WHAT NEEDS TO BE DONE:
Output the records below again, precisely as they are written.

Web page caption snippets

-- Opening Marker --

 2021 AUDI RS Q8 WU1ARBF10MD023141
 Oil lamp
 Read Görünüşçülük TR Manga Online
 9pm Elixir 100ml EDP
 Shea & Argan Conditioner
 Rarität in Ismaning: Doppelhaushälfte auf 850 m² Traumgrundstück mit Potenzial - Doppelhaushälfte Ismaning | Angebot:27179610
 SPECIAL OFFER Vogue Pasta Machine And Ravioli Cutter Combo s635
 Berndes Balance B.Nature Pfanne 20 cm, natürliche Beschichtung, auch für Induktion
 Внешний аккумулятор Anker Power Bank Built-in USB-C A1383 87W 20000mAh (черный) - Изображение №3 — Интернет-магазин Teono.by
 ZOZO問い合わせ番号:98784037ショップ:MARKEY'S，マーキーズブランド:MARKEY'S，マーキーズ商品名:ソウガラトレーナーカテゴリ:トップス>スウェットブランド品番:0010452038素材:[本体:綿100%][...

-- Closing Marker --

ANSWER BOX:
 2021 AUDI RS Q8 WU1ARBF10MD023141
 Oil lamp
 Read Görünüşçülük TR Manga Online
 9pm Elixir 100ml EDP
 Shea & Argan Conditioner
 Rarität in Ismaning: Doppelhaushälfte auf 850 m² Traumgrundstück mit Potenzial - Doppelhaushälfte Ismaning | Angebot:27179610
 SPECIAL OFFER Vogue Pasta Machine And Ravioli Cutter Combo s635
 Berndes Balance B.Nature Pfanne 20 cm, natürliche Beschichtung, auch für Induktion
 Внешний аккумулятор Anker Power Bank Built-in USB-C A1383 87W 20000mAh (черный) - Изображение №3 — Интернет-магазин Teono.by
 ZOZO問い合わせ番号:98784037ショップ:MARKEY'S，マーキーズブランド:MARKEY'S，マーキーズ商品名:ソウガラトレーナーカテゴリ:トップス>スウェットブランド品番:0010452038素材:[本体:綿100%][...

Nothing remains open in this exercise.